**DATASET EXCERPT:**
+++
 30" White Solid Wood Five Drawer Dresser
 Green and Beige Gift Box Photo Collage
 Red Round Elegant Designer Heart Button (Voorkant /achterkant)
+++
**EXERCISE OBJECTIVE:** Repeat the material above in full. Match it exactly.

**OUTPUT FOR THIS EXERCISE:**
 30" White Solid Wood Five Drawer Dresser
 Green and Beige Gift Box Photo Collage
 Red Round Elegant Designer Heart Button (Voorkant /achterkant)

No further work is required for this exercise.